**EXERCISE PROMPT**
Restate only the tail of the data below, starting at the line that contains "Convert ..." and including the last line, word for word.

*** EXCERPTED DATA Section Begins ***

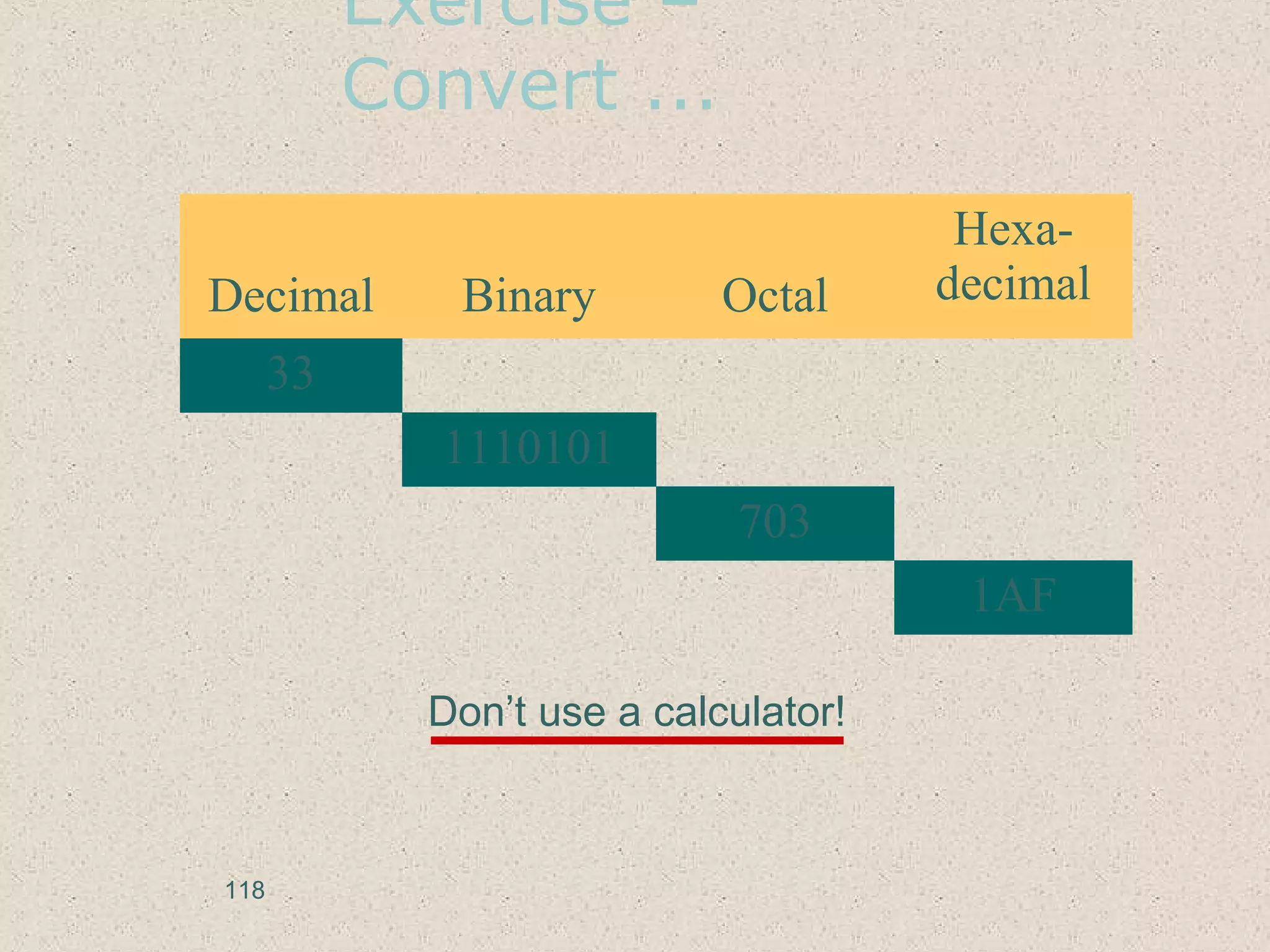 Exercise –
Convert ...
Don’t use a calculator!
Decimal Binary Octal
Hexa-
decimal
33
1110101
703
1AF
118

*** EXCERPTED DATA Section Ends ***

**RESULT**
Convert ...
Don’t use a calculator!
Decimal Binary Octal
Hexa-
decimal
33
1110101
703
1AF
118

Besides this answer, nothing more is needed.